Cela dit, le recul de la langue d’usage à la maison préoccupe M. Termote. «Je me demande comment on réagirait si l’on apprenait qu’à Paris la moitié de la population ne parle pas français à la maison. On a presque atteint ce seuil à Montréal, l’une des grandes villes francophones du monde.»

Autrefois, ce que le français perdait, l’anglais le gagnait. «Aujourd’hui, le jeu se fait à trois: les francophones, les anglophones et les allophones.» Mais ces allophones ne sont-ils pas appelés à choisir le français à long terme? Bien sûr, reconnait M. Termote, et c’est là que se joue l’avenir du français à Montréal. «De nombreux allophones deviendront éventuellement des francophones. Particulièrement chez les immigrants dont la langue, de souche latine, est proche du français: espagnol, portugais, italien… Mais cette intégration est longue et prend parfois une ou deux générations. Entretemps, les autres facteurs démographiques comme la dénatalité et l’étalement urbain continueront de faire baisser le poids démographique des francophones sur l’île.»

L’intégration est un processus lent et complexe. Marc Termote en sait quelque chose, lui qui est arrivé de Belgique avec sa famille dans les années 70. Ses deux enfants, Anne et Marc, étaient devenus des «pure laine» quand on les entendait parler. Pourtant, les deux ingénieurs formés à l’École polytechnique ont choisi de retourner vivre en Europe.

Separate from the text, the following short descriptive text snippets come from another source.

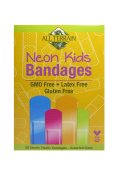 All Terrain Bandages Neon Kids 20 Bandages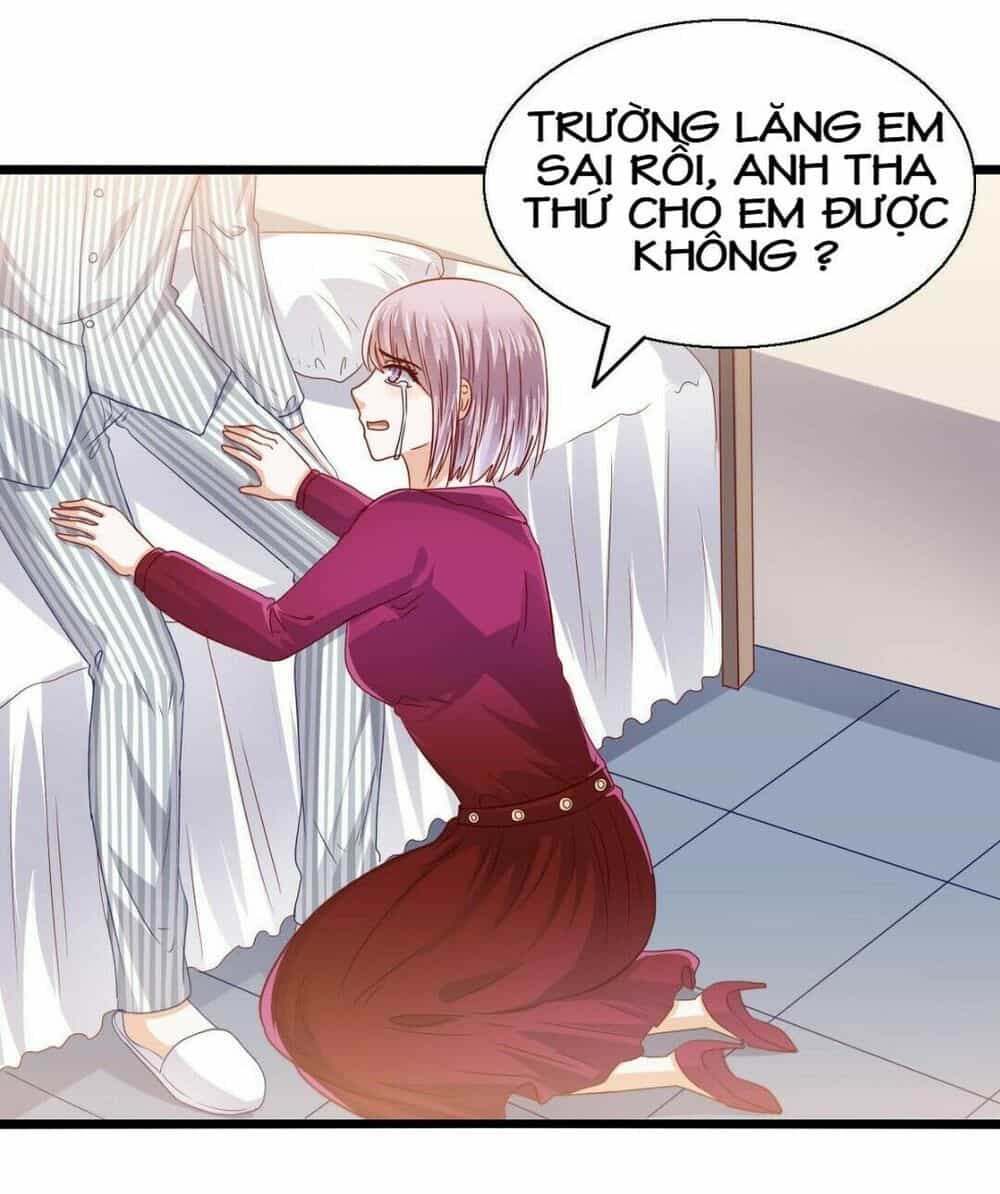 Lăng Thiếu! Nhẹ Một Chút, Đau - Chương 24 - ảnh 9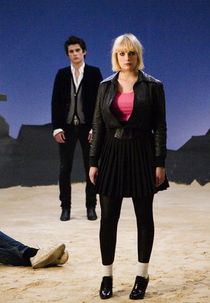 Les Astres Noirs (Les Astres Noirs)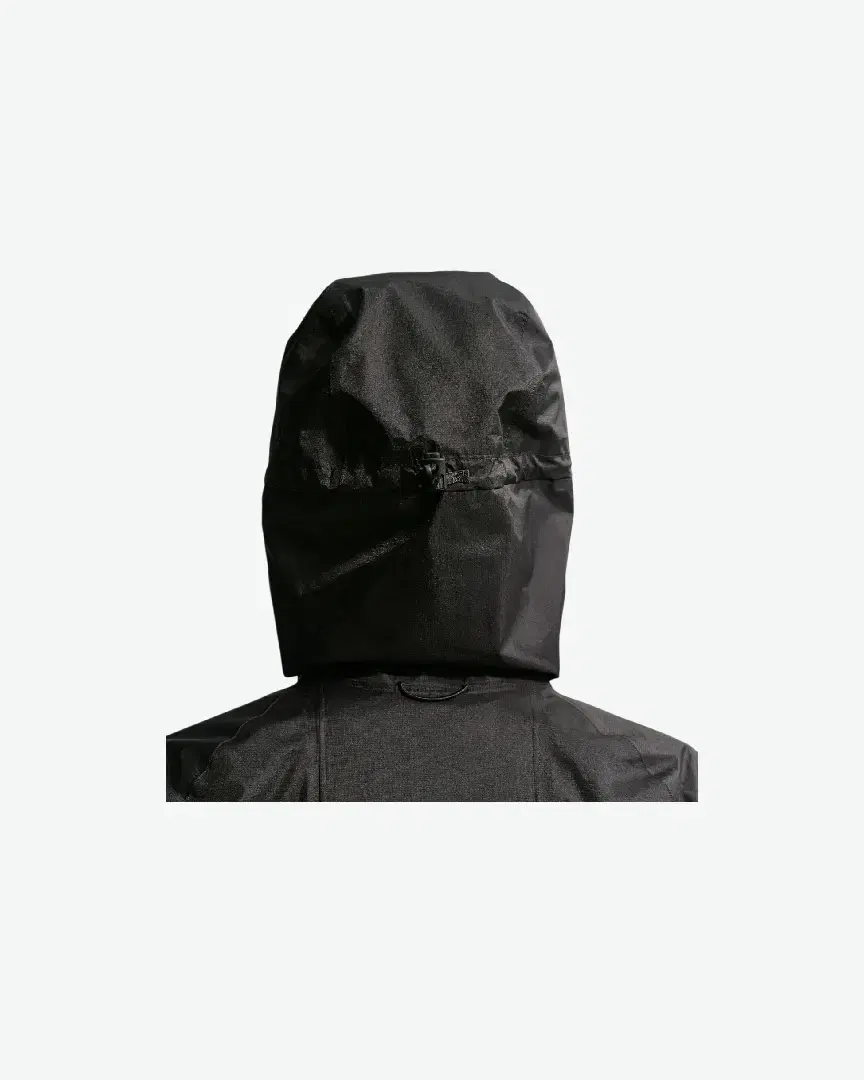 Chaqueta con Capucha Nike Acg Trailwind W - IO9753-010 (2) au meilleur prix !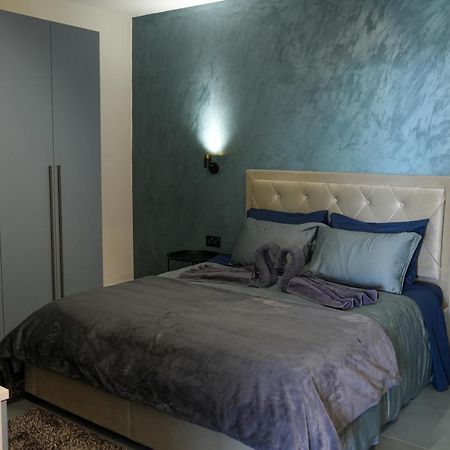 Appartamento Lux Sea&Country Views With Pool Mellieħa Esterno foto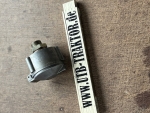 Stecker für Hydraulikanschluß für Anhänger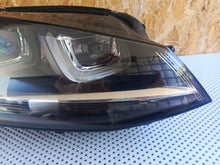 Laden Sie das Bild in den Galerie-Viewer, Frontscheinwerfer VW Golf 5G1941752 Bi-Xenon Rechts Scheinwerfer Headlight SCH4072120815al
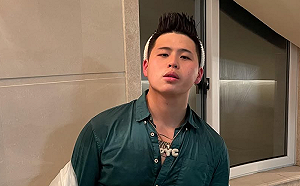 與八炯揭網紅統戰內幕！陳柏源歌曲全遭下架  酸：祖國對我失望透頂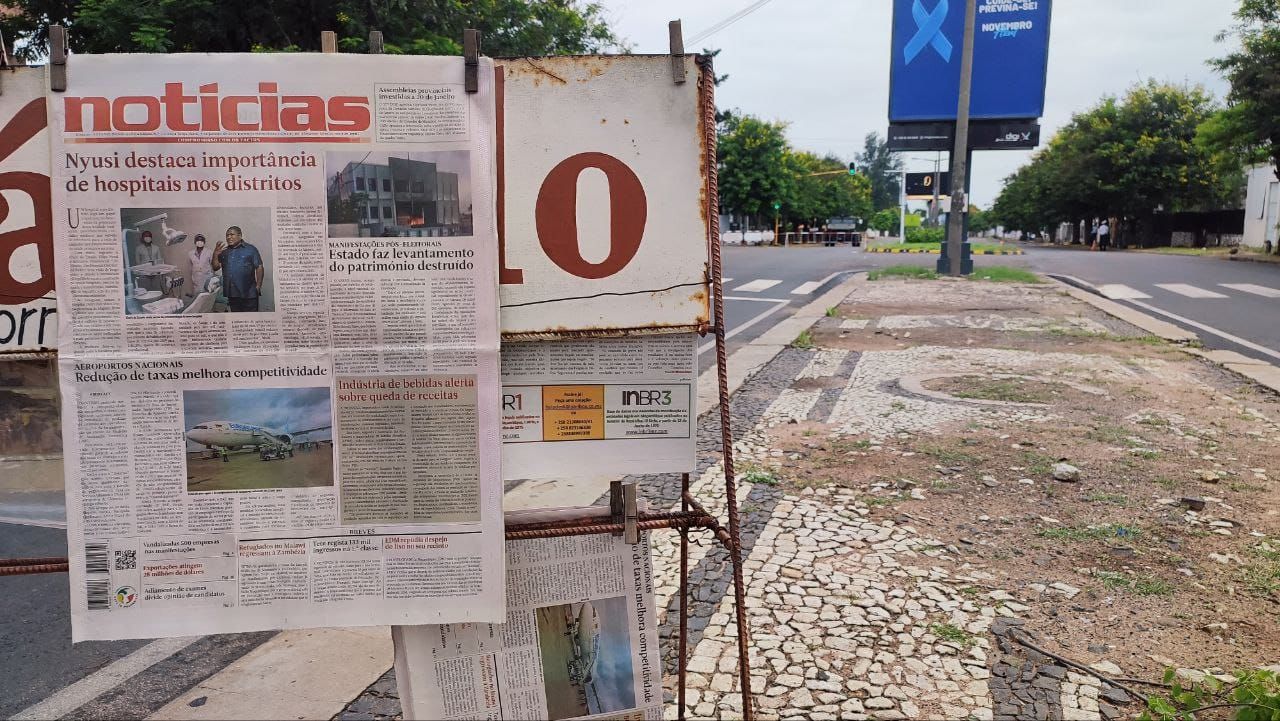 A deal to save lives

M. Termote vient de terminer un grand portrait du français au Québec pour le compte de l’Office québécois de la langue française. Actuellement sous presse, cette étude fera le point sur l’évolution linguistique du français. Annonce-t-elle des solutions? «Nous, démographes, sommes reconnus pour être porteurs de mauvaises nouvelles. Nous annonçons que la société vieillit, qu’elle ne fait pas assez d’enfants, etc. Pour les solutions, c’est pareil: le démographe est plutôt pessimiste quant à la possibilité de renverser des tendances lourdes.»